Implications of multiwavelength spectrum on cosmic-ray acceleration in blazar TXS 0506+056

Context. The MAGIC collaboration has recently analyzed data from a long-term multiwavelength campaign of the γ-ray blazar TXS 0506+056. In December 2018 it was flaring in the very high-energy (VHE; E > 100 GeV) γ-ray band, but no simultaneous neutrino event was detected.
Aims: We modeled the observed spectral energy distribution (SED) using a one-zone leptohadronic emission.
Methods: We estimated the neutrino flux through the restriction from the observed X-ray flux on the secondary radiation due to the hadronic cascade, initiated by protons with energy E_p ≲ 0.1 EeV. We assumed that ultra-high-energy cosmic rays (UHECRs; E ≳ 0.1 EeV), with the same slope and normalization as the low-energy spectrum, are accelerated in the jet but escape efficiently. We propagate the UHE protons in a random turbulent extragalactic magnetic field (EGMF).

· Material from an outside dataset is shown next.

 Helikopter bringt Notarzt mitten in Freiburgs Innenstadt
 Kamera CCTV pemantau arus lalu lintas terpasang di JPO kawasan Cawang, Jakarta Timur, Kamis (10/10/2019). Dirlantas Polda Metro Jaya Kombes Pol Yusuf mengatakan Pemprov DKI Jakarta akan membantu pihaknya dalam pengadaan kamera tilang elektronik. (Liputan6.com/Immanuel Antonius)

Results: The leptonic emission from the jet dominates the GeV range, whereas the cascade emission from CR interactions in the jet contributes substantially to the X-ray and VHE range. The line-of-sight cosmogenic γ-rays from UHECRs produce a hardening in the VHE spectrum. Our model prediction for neutrinos from the jet is consistent with the 7.5-year flux limit by IceCube and shows no variability during the MAGIC campaign. Therefore, we infer that the correlation between GeV-TeV γ-rays and neutrino flare is minimal. The luminosity in CRs limits the cosmogenic γ-ray flux, which in turn bounds the RMS value of the EGMF to ≳10⁻⁵ nG. The cosmogenic neutrino flux is lower than the IceCube-Gen2 detection potential for 10 yr of observation.
Conclusions: Very high-energy γ-ray variability should arise from increased activity inside the jet; thus, detecting steady flux at multi-TeV energies may indicate UHECR acceleration. Upcoming γ-ray imaging telescopes, such as the CTA, will be able to constrain the cosmogenic γ-ray component in the SED of TXS 0506+056.